Background: BF and me are both 27 yrs old and have been dating for almost 3 yrs. For the past 3 mths, we have been are ups and downs... we even took a minor break for a few weeks. But lately, I felt things were getting better. We were communicating better, and just taking it day by day.
Well, last night... he dumped me. :( He says he is doing this for our relationship. That lately he has been thinking about the future (marriage.. getting engaged, ending bachelorhood), and wants to be 100% sure that I'm "the one." He says he loves me very much, and can't imagine out on a date with another girl... but also says that when he goes out with his friends he wonders about other girls. I'm very confused about this! I asked him if he was seeing someone or if this was influenced by someone, and he looked me straight in the eyes and said no. For me, I know he's the one for me, and I have told him this before. He says that this has nothing to do with something that I did.. it's about him and what he wants.

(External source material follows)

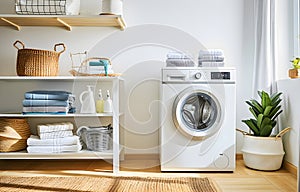 Washing machines in laundry room interior with wardrobe and accessories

So what's going on here.. does he need just a few months to try to figure things out? Will he come back to me or is this just a nice way of saying "see ya later?"
He says he wants to still be friends, but I'm thinking that this might not be a good idea. Should I still talk to him while doing this "soul searching" or do I just cut him off and make him miss me? I'm thinking about just cutting him off all communications.
Any advice would be wonderful..
Thanks.

Hello Sweetie! My two pennies from reading your post - he is ready to move on and doesn't want to hurt you any more than necessary. Please listen carefully to what a man says to you, yes I agree he's giving you mixed signals, but look at his actions. That should tell you all you need to know. I know this hurts like all hell, but your feelings are way much invested than his and trust me he knows this - that's why he is trying to let you down easy. Take care and good luck to you. Please stay in touch with us and let us know how things turn out.
P.S. - being friends can happen after break-ups, but IMHO you have too much emotions for him to even try at this stage, please give it some time. Hope I'm makin sense.